The KFC Molotov Whodunnit
When I saw this headline (KFC Director's Home Attacked)
and this one
two whole days in a row, it just became too linger fickin good to resist - someone's in it for KFC. KFC used to be known as Kentucky Fried Chicken, in full. Some say the switch to acronyms hints at the fact that the "C" no longer represents real chicken, as we know it to be. Huh? Yeah, you know, if it tastes like chicken, and it smells like chicken, it's probably genetically modified Panda, or something equally nasty.
myAsylum just had to get to the bottom of this whodunnit - just who had the audacity to waste two perfectly good bottles of gasoline and attempt the firebombing of the KFC big wigs' home. Who cares why, but who?

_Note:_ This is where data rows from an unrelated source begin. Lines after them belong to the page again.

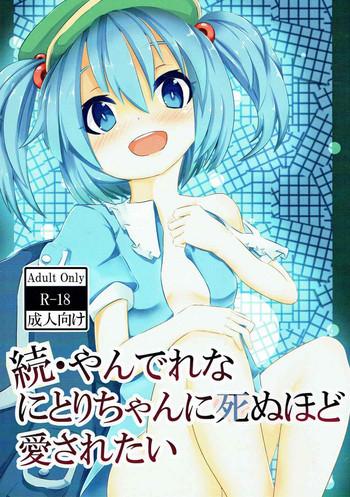 Zoku Yandere na Nitori-chan ni Shinuhodo Aisaretai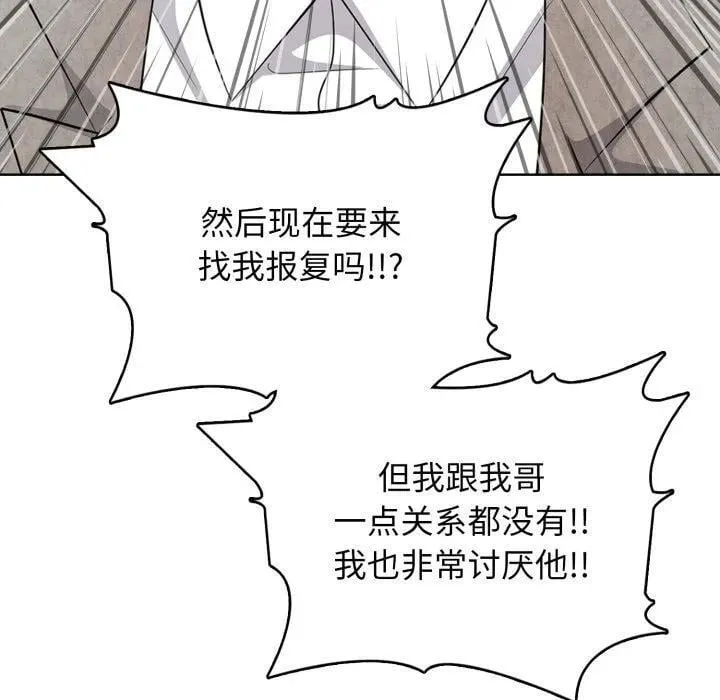 10 第118页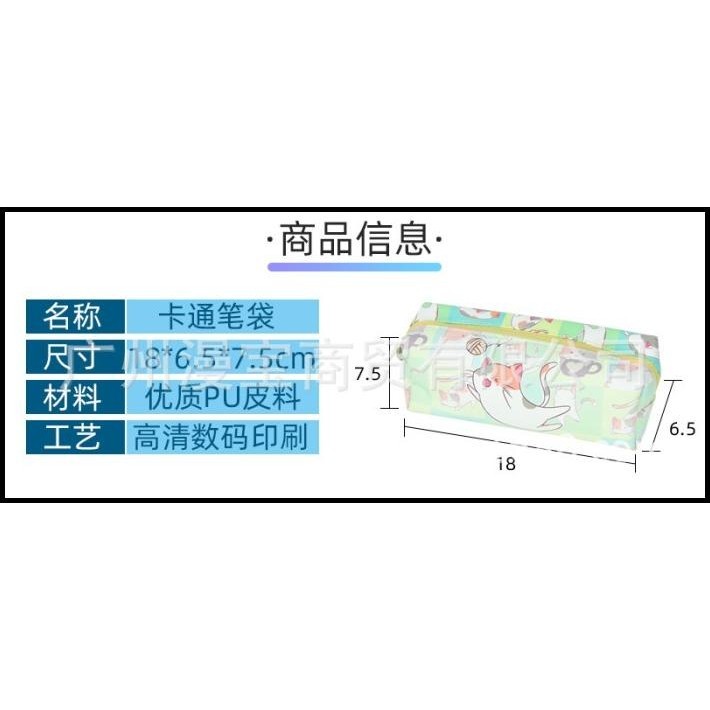

TERMURAH PENSIL CASE / TEMPAT PENSIL GENSHIN !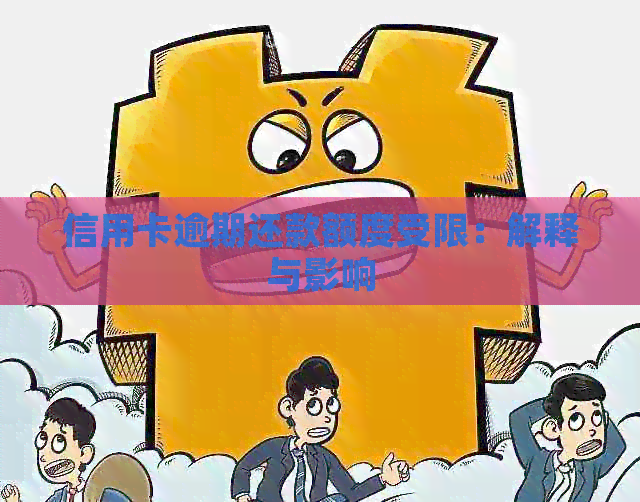 信用卡逾期还款额度受限：解释与影响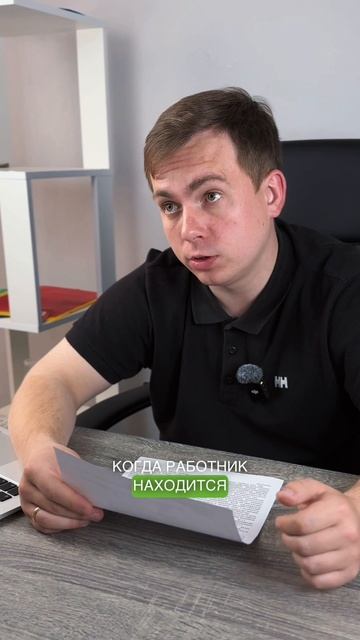 Можно ли уволить сотрудника если он находится на больничном? #доступноеправо #юрист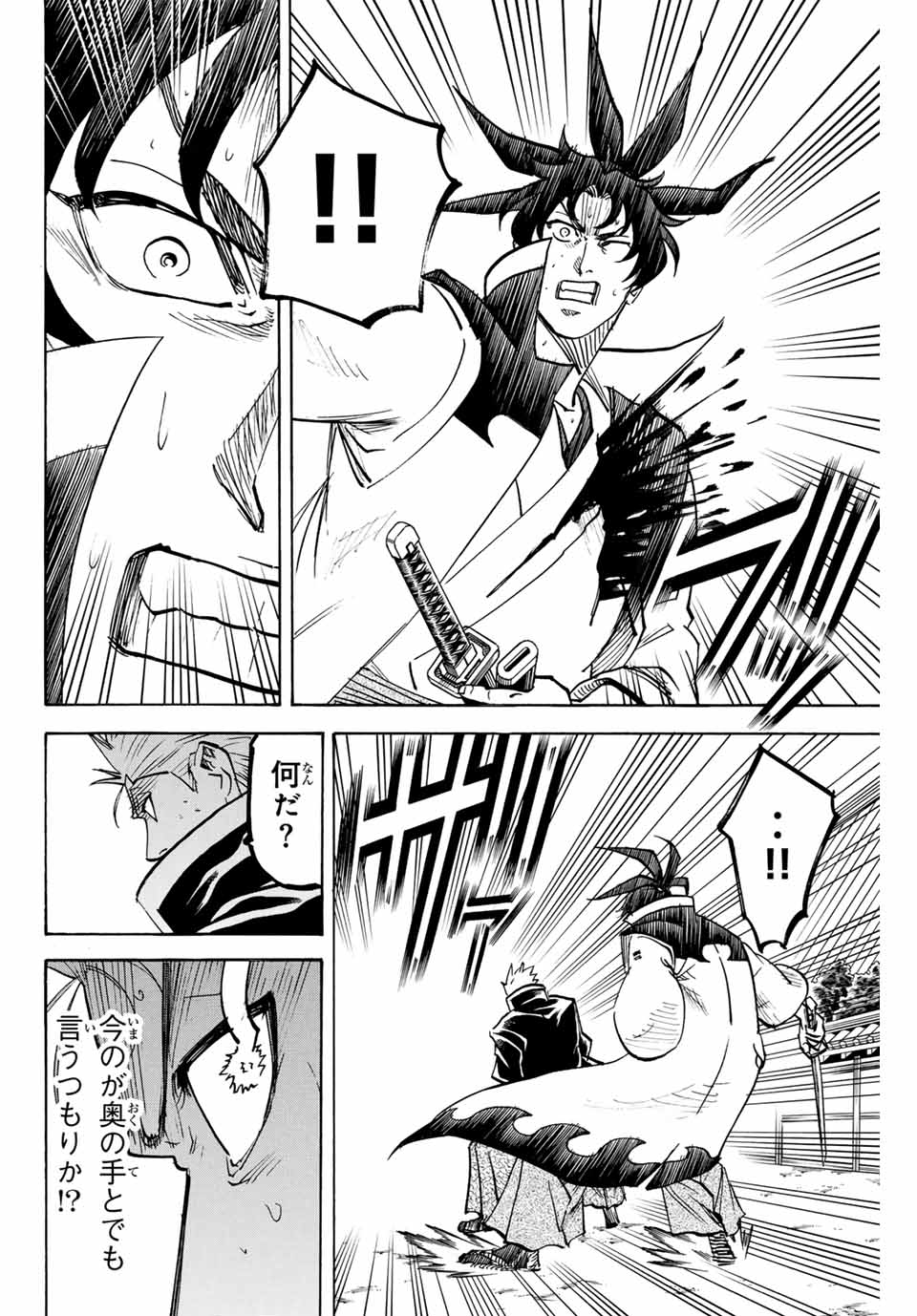 Gamaran: Shura Chapter 305 8ページ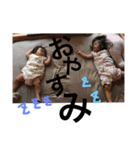 kohamaka（個別スタンプ：7）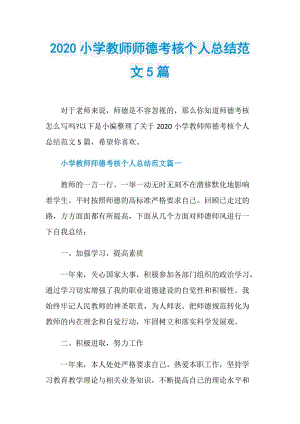 2020小学教师师德考核个人总结范文5篇.doc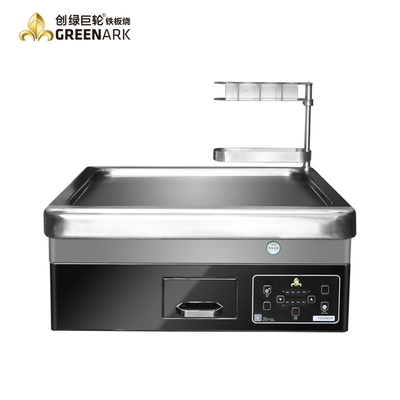 GREENARK 4.5KW 인덕션 철판구이 그릴 350x350mm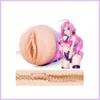Fleshlight Sasha Nakamoto Ecchi szexbazar.hu 1
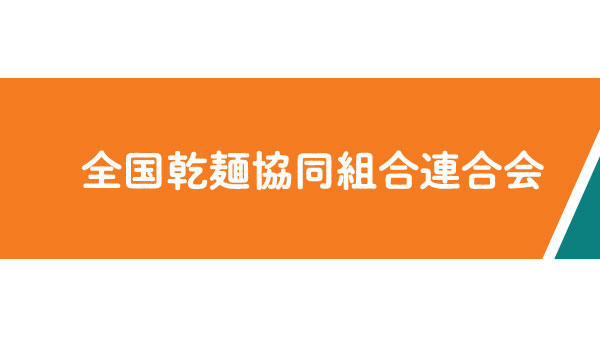 ニッポン全国めん遊記「乾めん春らんまん」230人にプレゼント　.jpg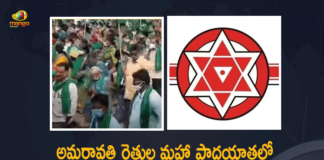 Janasena Leaders To Participate in Amaravati Farmers Maha Padayatra at Nellore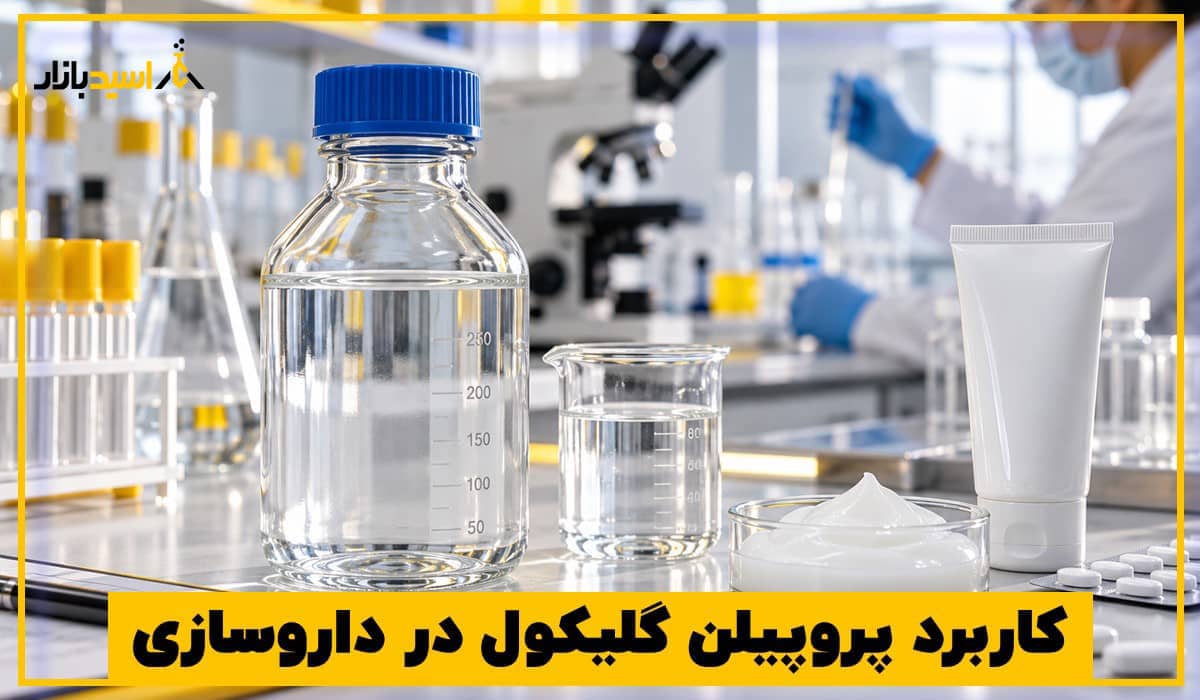 کاربرد پروپیلن گلیکول در داروسازی کاربرد پروپیلن گلیکول در داروسازی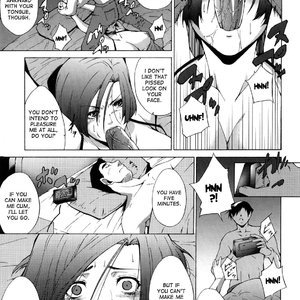 Ane-sama Inkou image 195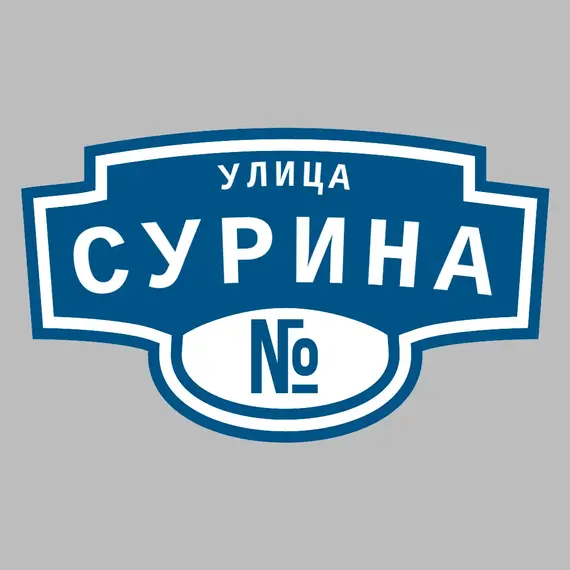 Адресная табличка улица Сурина на дом | ПолиЦентр, мастерская рекламы _ 3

Our intrepid streetcrawlers where despatched, post-haste. And early this morning they made their report back to myAsylum central. We now have three suspects.
Was it these guys (the ability to spell is not a pre-requisite)?
Or this babelicious specimen?
But through the intrepid crawling thru the clues left behind, by myAsylum's street crawlers, rivaling the skills and script-incredulousity of Grisson & his crew, developing indications now show that the most likely suspect is this fishy pasty character:
The plot (and the Colonel's super secret recipe flour mix) thickens...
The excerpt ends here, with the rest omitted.